魔境生活・異譚「コボルトのクロード編」
ダンジョン生まれ、魔境育ち。悪そうな奴らとは距離をおき、仕事のできる女たちともなるべく離れて暮らしてきた。正直腕っぷしより、工作が好きなタイプで、ほとんど野生の魔物と戦うなんてことは生まれてこのかたしたことがない。
男なのに女々しいと言われるが、女々しいという言葉自体、男に使う言葉だろう。
ところが、ダンジョンの我が家がついに壊れ、所長にはいい加減に外に出ろと言われ、長年使っている寝袋と荷物を持たされて、外に出てみた。

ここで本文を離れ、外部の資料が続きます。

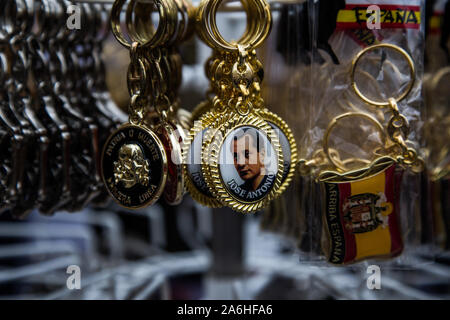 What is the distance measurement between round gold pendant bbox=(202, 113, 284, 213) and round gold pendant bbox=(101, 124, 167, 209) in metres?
0.07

あまりにも眩しい空に面食らってしまったが、とにかく仕事は用意してもらった。港で荷運びだ。
「メイジュ王国から、小麦やピクルスが届く。あとはハムとか、発酵食品が多いな。魔法書もあるから慎重に運ぶんだ」
「でも、アラクネの姉さん、俺はそんなに腕っぷしは強くないですよ」
上司はアラクネさんだ。魔境の領主とも知り合いという方で、魔族界隈では面倒見が良いことで有名だ。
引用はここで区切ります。